Kiran et al. investigated green synthesis of AuNPs using M. oleifera aqueous leaves extract [34]. The AuNPs produced with this approach supplied nontoxic carrier for many applications. This study revealed the eco-friendly, cost-effective synthesis of AuNPs from M. oleifera leaves extract, which had antioxidant, anti-diabetic, and anti-cancer properties. Analytical techniques comprising UV–vis absorption spectroscopy was utilized to confirm the AuNPs in the solution, crystalline structure of AuNPs were validated by X-ray diffraction (XRD) pattern. Energy dispersive spectroscopy (EDS) results confirmed the presence of elemental AuNPs. High-resolution transmission electron microscopy (HR-TEM) and scanning electron microscopy (SEM) were employed to identify size and morphology. The MO-AuNPs revealed dose-dependent antioxidant potential completed with DPPH, antidiabetic investigation indicated the effective reduction of the activity of digesting enzyme α-Amylase as compared to the conventional metformin. Further cytotoxicity study on MCF-7 cell lines revealed significant reduction in the cell viability with increase in concentrations exhibiting its anticancer potential. Thus, the MO-AuNPs can be anticipated as a strong contender for biomedicinal applications and environmental biological remediation.

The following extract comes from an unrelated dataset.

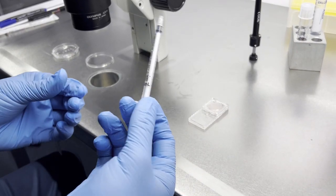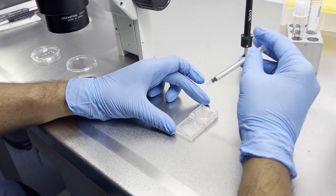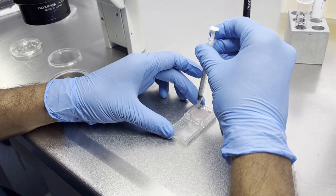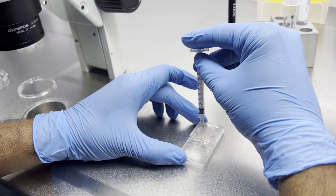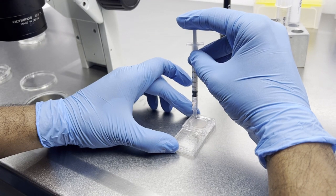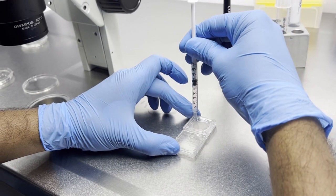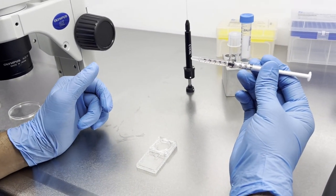You have to take a new fresh syringe. This is the first hole and this is the second hole. By putting this syringe into the second hole, we take the prepared sperm like this — up to 0.5 ml. We are going to use this sample for our ICSI procedure.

Anand et al. investigate the M. oleifera flower-mediated in vitro one-step transformation of AuNPs, as well as their cytotoxic effects on the A549 human lung cancer cell line and normal healthy human peripheral lymphocytes [35]. Synthesized AuNP using 1M chloroauric acid and M. oleifera (MO) aqueous floral extract. The XRD, TEM, and DLS were used to characterise the AuNPs, and the FTIR and 1H-NMR spectroscopies were used to determine the type of natural capping agens. The AuNPs were well-dispersed triangular, hexagonal, and nearly spherical AuNPs with a diameter of less than 5 nm. Catalytic activity was demonstrated by the AuNPs, as evidenced by the fast reduction of 4-nitrophenol and 4-nitroaniline. In addition, AuNPs generate considerable cytotoxicity in A549 cells but do not have the same effect on normal healthy PL cells.

Boruah et al. (2021) reported that a comprehensive study was conducted to determine the physiochemical and biological activity of gold nanoparticles stabilised by conventional citrate and those stabilised by M. oleifera plant leaves extract [36]. The prepared nanoparticles were tested for their biological properties, such as their antioxidant, antibacterial, and blood cytotoxic activity, in order to evaluate their potential for further application in therapeutic techniques. A comparison was made between the properties and activities of green gold nanoparticles and those of ordinary citrate-stabilized gold nanoparticles. In a study utilising an animal model, it was found that green gold nanoparticles that were generated using M. oleifera showed less cytotoxicity and helped in the regeneration of neural cells. In animal model research, the green manufacturing of gold nanoparticles employing M. oleifera demonstrates less cytotoxicity and aids in the regeneration of neural cells. Fig. 3 shows the preparation process of M. oleifera leaves extract in methanol followed by the production of green gold nanoparticles reduced and stabilized by the extract. The reported actions are a result of the high medicinal value of the biomolecules contained in the methanolic fraction of this plant's leaves. In addition, gold nanoparticles stabilized by M. oleifera extract have enhanced photocatalytic capabilities for MB breakdown. This may result from the presence of polyphenolic chemicals with an electron-rich environment in the extract. Therefore, this approach of synthesizing gold nanoparticles will open a new door for the creation of physiologically active gold nanoparticles.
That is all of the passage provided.